> DIRECTIONS: Your task is to copy the lines of the data below from the line holding "1.835 ha Fermă" through the line holding "buhayprobinsya horseback riding", inclusive, exactly and with nothing added.

> DATA FOR THE TASK:
===============

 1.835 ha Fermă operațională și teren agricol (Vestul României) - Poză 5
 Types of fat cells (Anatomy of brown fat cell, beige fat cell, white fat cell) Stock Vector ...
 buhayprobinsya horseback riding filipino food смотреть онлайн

===============

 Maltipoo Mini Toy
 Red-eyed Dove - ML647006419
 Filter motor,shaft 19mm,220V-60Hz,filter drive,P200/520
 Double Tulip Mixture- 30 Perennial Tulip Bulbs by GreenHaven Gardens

===============

> FINISHED TASK:
 1.835 ha Fermă operațională și teren agricol (Vestul României) - Poză 5
 Types of fat cells (Anatomy of brown fat cell, beige fat cell, white fat cell) Stock Vector ...
 buhayprobinsya horseback riding filipino food смотреть онлайн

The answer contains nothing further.